There is a device called a brouter which will function similar to a bridge for network transport protocols that are not routable, and will function as a router for routable protocols. It functions at the network and data link layers of the OSI network model.
Gateways
A gateway can translate information between different network data formats or network architectures. It can translate TCP/IP to AppleTalk so computers supporting TCP/IP can communicate with Apple brand computers. Most gateways operate at the application layer, but can operate at the network or session layer of the OSI model. Gateways will start at the lower level and strip information until it gets to the required level and repackage the information and work its way back toward the hardware layer of the OSI model. To confuse issues, when talking about a router that is used to interface to another network, the word gateway is often used. This does not mean the routing machine is a gateway as defined here, although it could be.

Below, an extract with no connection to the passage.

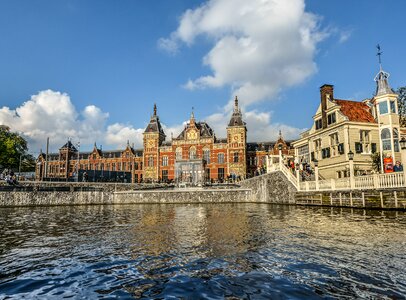 Netherlands travel europe photo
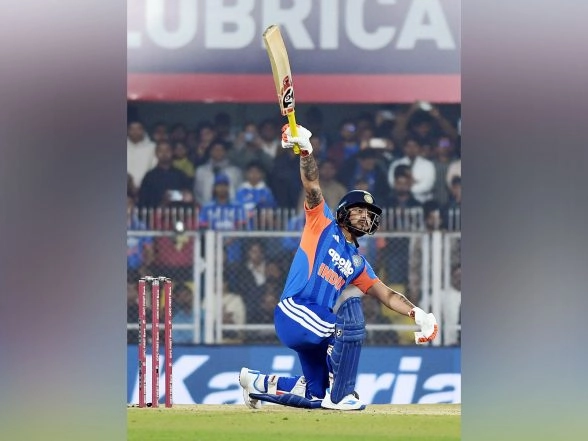 Sports News | Records Tumble in Thiruvananthapuram T20I as Arshdeep Registers Most Expensive Fifer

Transmission of waves take place in the electromagnetic (EM) spectrum. The carrier frequency of the data is expressed in cycles per second called hertz(Hz). Low frequency signals can travel for long distances through many obstacles but can not carry a high bandwidth of date while high frequency signals can travel for shorter distances through few obstacles and carry a narrow bandwidth. Also the noise effect on the signal is inversely proportional to the power of the radio transmitter. The three broad categories of wireless media are:
1. Radio – 10 Khz to 1 Ghz. It is broken into many bands including AM, FM, and VHF bands. The Federal communications Commission (FCC) regulates the assignment of these frequencies. Frequencies for unregulated use are:
o 902-928Mhz – Cordless phones, remote controls.
o 2.4 Ghz
o 5.72-5.85 Ghz
2. Microwave
o Terrestrial – Used to link networks over long distances but the two microwave towers must have a line of sight between them. The frequency is usually 4-6GHz or 21-23GHz. Speed is often 1-10Mbps. The signal is normally encrypted for privacy. Two nodes may exist.

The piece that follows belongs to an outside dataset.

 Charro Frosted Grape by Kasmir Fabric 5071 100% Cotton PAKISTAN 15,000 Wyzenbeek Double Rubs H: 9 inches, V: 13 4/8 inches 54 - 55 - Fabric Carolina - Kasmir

o Satellite – A satellite orbits at 22,300 miles above the earth which is an altitude that will cause it to stay in a fixed position relative to the rotation of the earth. This is called a geosynchronous orbit. A station on the ground will send and receive signals from the satellite. The signal can have propagation delays between 0.5 to 5 seconds due to the distances involved. The transmission frequency is normally 11-14GHz with a transmission speed in the range of 1-10Mbps.
3. Infared – Infared is just below the visible range of light between 100Ghz and 1000Thz. A light emitting diode (LED) or laser is used to transmit the signal. The signal cannot travel through objects. Light may interfere with the signal. The types of infared are
o Point to point – Transmission frequencies are 100GHz-1,000THz . Transmission is between two points and is limited to line of sight range. It is difficult to eavesdrop on the transmission. The speed is 100Kbps to 16Mbps
o broadcast – The signal is dispersed so several units may receive the signal. The unit used to disperse the signal may be reflective material or a transmitter that amplifies and retransmits the signal. Normally the speed is limited to 1Mbps. The transmission frequency is normally 100GHz-1,000THz with transmission distance in 10’s of meters. Installation is easy and cost is relatively inexpensive for wireless.
Terms:
• wireless bridge – Microwave or infared is used between two line of site points where it is difficult to run wire.
• CDPD – Cellular Digital Packet Data will allow network connections for mobile users using satellites.